= Beginning of Section =

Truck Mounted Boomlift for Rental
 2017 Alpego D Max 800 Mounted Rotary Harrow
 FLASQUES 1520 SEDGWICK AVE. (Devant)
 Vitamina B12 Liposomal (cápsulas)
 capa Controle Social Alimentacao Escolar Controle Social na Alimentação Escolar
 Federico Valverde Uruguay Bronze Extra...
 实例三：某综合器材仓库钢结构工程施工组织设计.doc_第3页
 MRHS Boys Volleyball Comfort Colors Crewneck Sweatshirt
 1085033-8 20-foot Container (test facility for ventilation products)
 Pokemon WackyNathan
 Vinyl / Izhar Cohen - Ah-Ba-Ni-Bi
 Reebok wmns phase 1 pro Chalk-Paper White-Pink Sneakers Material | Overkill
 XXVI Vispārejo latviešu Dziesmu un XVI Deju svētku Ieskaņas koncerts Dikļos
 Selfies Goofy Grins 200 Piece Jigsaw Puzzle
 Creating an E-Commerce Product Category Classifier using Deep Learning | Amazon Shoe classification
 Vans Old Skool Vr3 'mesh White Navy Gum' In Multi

= End of Section =

● Directions for this task
Retype all the data verbatim.

● Answer for this exercise
Truck Mounted Boomlift for Rental
 2017 Alpego D Max 800 Mounted Rotary Harrow
 FLASQUES 1520 SEDGWICK AVE. (Devant)
 Vitamina B12 Liposomal (cápsulas)
 capa Controle Social Alimentacao Escolar Controle Social na Alimentação Escolar
 Federico Valverde Uruguay Bronze Extra...
 实例三：某综合器材仓库钢结构工程施工组织设计.doc_第3页
 MRHS Boys Volleyball Comfort Colors Crewneck Sweatshirt
 1085033-8 20-foot Container (test facility for ventilation products)
 Pokemon WackyNathan
 Vinyl / Izhar Cohen - Ah-Ba-Ni-Bi
 Reebok wmns phase 1 pro Chalk-Paper White-Pink Sneakers Material | Overkill
 XXVI Vispārejo latviešu Dziesmu un XVI Deju svētku Ieskaņas koncerts Dikļos
 Selfies Goofy Grins 200 Piece Jigsaw Puzzle
 Creating an E-Commerce Product Category Classifier using Deep Learning | Amazon Shoe classification
 Vans Old Skool Vr3 'mesh White Navy Gum' In Multi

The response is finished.